Version Resolver

Applies to

When remotes disagree on which version of a shared dependency they want, someone has to decide. That's the version resolver. It runs once per initFederation, categorizes every shared external into a scope, picks a winner per scope, and tags the rest with share, skip or scope — which is exactly what the import-map builder needs to produce a working map.

How remotes declare what to share

Every remote has a federation.config.js that tells the bundler which dependencies to share. The output of the build is a remoteEntry.json sitting next to the remote's JavaScript:

dist/
└── mfe1/
    ├── remoteEntry.json
    ├── button.js
    ├── dependency-a.js
    └── dependency-b.js
{
  "name": "team/mfe1",
  "exposes": [
    { "key": "./Button", "outFileName": "button.js" }
  ],
  "shared": [
    {
      "packageName": "dep-a",
      "outFileName": "dependency-a.js",
      "requiredVersion": "~2.1.0",
      "singleton": false,
      "strictVersion": true,
      "version": "2.1.1"
    },
    {
      "packageName": "dep-b",
      "outFileName": "dependency-b.js",
      "requiredVersion": "~2.1.0",
      "singleton": true,
      "strictVersion": true,
      "version": "2.1.2"
    }
  ]
}

Four fields drive every resolver decision:

Import maps, in one minute

An import map tells the browser where to fetch bare specifiers:

{
  "imports": {
    "react":  "https://cdn.example.com/react@18.2.0.js",
    "lodash": "https://cdn.example.com/lodash@4.17.21.js"
  },
  "scopes": {
    "https://legacy-mfe.example.com/": {
      "react": "https://legacy-mfe.example.com/react@17.0.2.js"
    }
  }
}

The critical limitation: one version per specifier per scope. You can't map "react" twice in imports. That's why the resolver exists — if three remotes want three React versions, only one can live in the global imports block; the rest either skip their own copy (using the shared one), or download privately inside their own entry in scopes.

Shared vs scoped externals

Shared externals — singleton: true

Candidates for deduplication. The resolver pools them by shareScope and picks a winner per scope; the chosen version lands in the import map, the rest are resolved as skip or scope.

Scoped externals — singleton: false

Never shared. Every remote gets its own copy in its own scope entry — no resolution needed, no interference with other remotes.

Share scopes

By default, all singleton: true externals compete in a single global pool (__GLOBAL__). The shareScope property carves out sub-pools for dependency groups that should be resolved together but stay isolated from everyone else.

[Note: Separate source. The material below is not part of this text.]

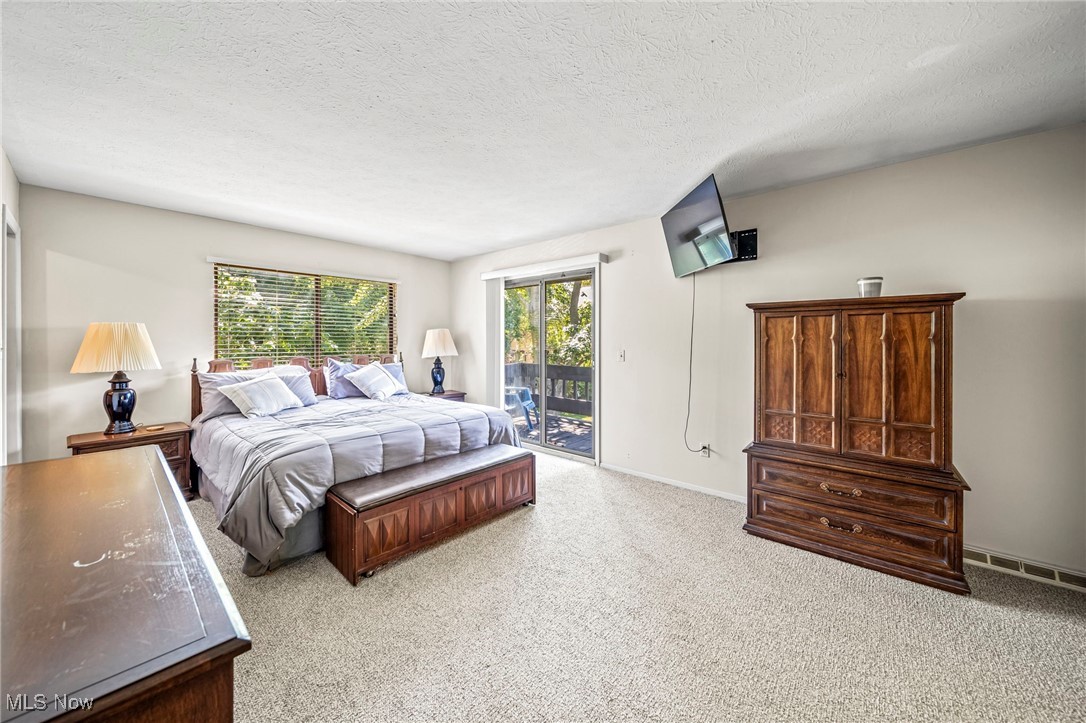 Richmond Place Condos - Residential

// Team A — share UI components v3.x
{
  "shared": [{
    "packageName": "ui-components",
    "singleton": true,
    "shareScope": "team-a",
    "version": "3.1.0",
    "requiredVersion": "^3.0.0"
  }]
}

// Team B — share UI components v2.x
{
  "shared": [{
    "packageName": "ui-components",
    "singleton": true,
    "shareScope": "team-b",
    "version": "2.5.0",
    "requiredVersion": "^2.0.0"
  }]
}

// Global — React is shared across everyone
{
  "shared": [{
    "packageName": "react",
    "singleton": true,
    "version": "18.2.0",
    "requiredVersion": "^18.0.0"
  }]
}

Resolution is scope-local: team-a and team-b never try to pick a single UI-components version between them. The resolver picks a winner inside each scope and writes the resolved URL into every member remote's scopes entry in the import map — which is how the orchestrator emulates "grouped sharing" in a format that, strictly speaking, doesn't have groups.

The "strict" share scope

shareScope: "strict" is a special value. Instead of picking one winner per package, the resolver lets every provided version of that package coexist — each at its exact version, stripped of its requiredVersion range. Remotes still share when their versions match exactly; otherwise, each gets its own file.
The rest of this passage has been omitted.